Cheaters do not tell the truth when confronted about their affair. They lie. We all it the trick truth. They will admit to only the every least they have to. The mind set is that if they keep repeating the lie, you will believe them.

I think your wife is lying. More has gone on. It was not just a kiss.

BUT... you are a bit of a hot head. Your jealousy and insecurities are causing you to handle this all wrong. It would have been better if you had not said anything to her and snooped longer to find out what is really going on. Now that you have confronted her and him, they will most likely take their relationship underground.

My advice is that you stop talking to her right now. Act like you believe her. Then let things cool down and keep snooping. She will get to feel safe and think she has pulled a snow job on you.

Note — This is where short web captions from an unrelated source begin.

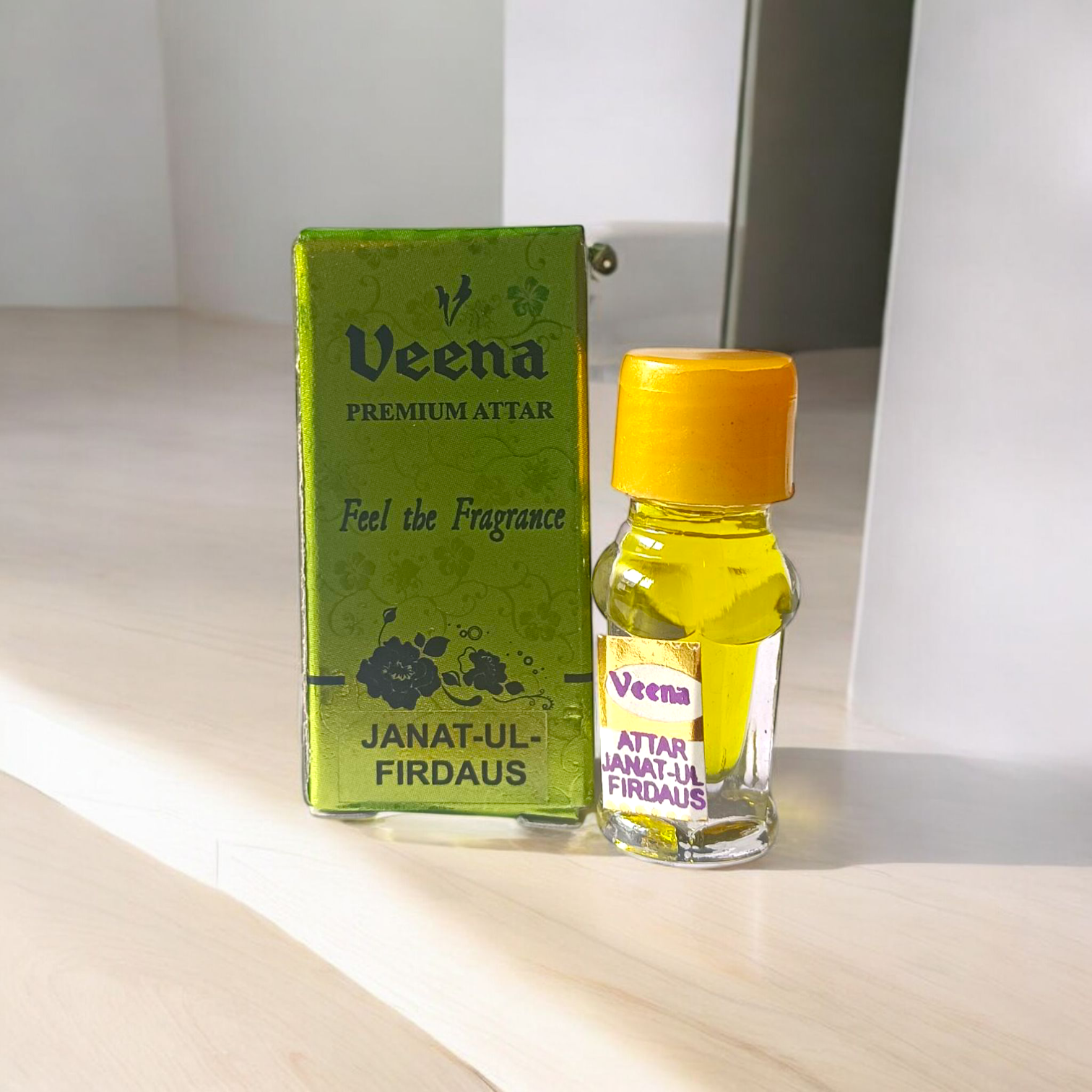 Janat-UL-Firdaus Attar | 2ML | Feel the Fragrance | Premium Perfume Attar By Veena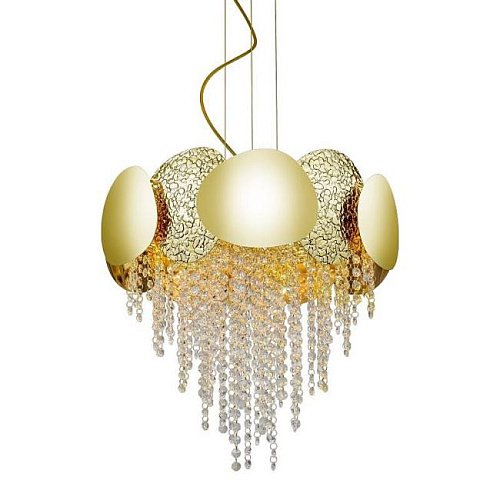 L38512.92 Подвесная хрустальная люстра Mastery L'Arte Luce Luxury L38512.92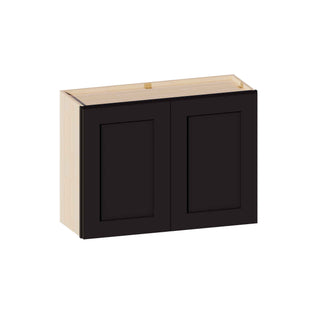 Iron Black - 33"W × 24"H Standard Wall Cabinet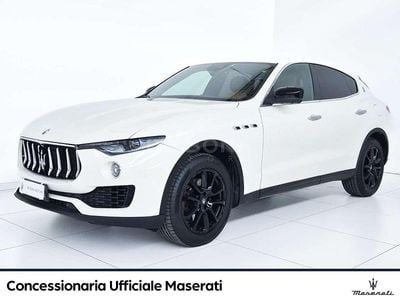 Usata Maserati Levante 250 CV (183 kW) 2017 Bianco SUV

Usually, a betrayed spouse (BS) needs irrefutable evidence of an affair because the wayward spouse (WS) will lie and make you doubt the truth. 

Take a look at this thread.

http://talkaboutmarriage.com/coping-infidelity/209754-standard-evidence-post.html

If you find that they are still in contact, do not confront her or him immediately. Instead come here and talk to us. We can help you from blowing up, confronting too early. We can help you create your plan of action.


----------



## axlpacino (Dec 14, 2014)

Thanks elegirl for the reply and the advice i really hope i can follow what you advise but it is really difficult. I tried talking to her again this evening and all she did was get angry when i accused her of not caring because technically what she has done is cheat then lie and hide it to me, all she does is throw things i have done in the past at me.

I feel like im gonna explode.

Ive said to her if she doesnt want to be with me then lets split as hard as it will be but she says she wants us to work and she loves me but dont show me at all.


----------



## MattMatt (May 19, 2012)

Why is Bob your friend?:scratchhead:


----------



## happyman64 (Jan 12, 2012)

Axl

Stop crying about it and start working on the problem.

Go see a counselor to focus on your feelings of inadequacy.

Get that counselor to meet with both io you as a marriage counselor. Or a separate MC.

Stop taking NO as answer. 

Take control of your marriage now. Pt ake control if your feelings as well.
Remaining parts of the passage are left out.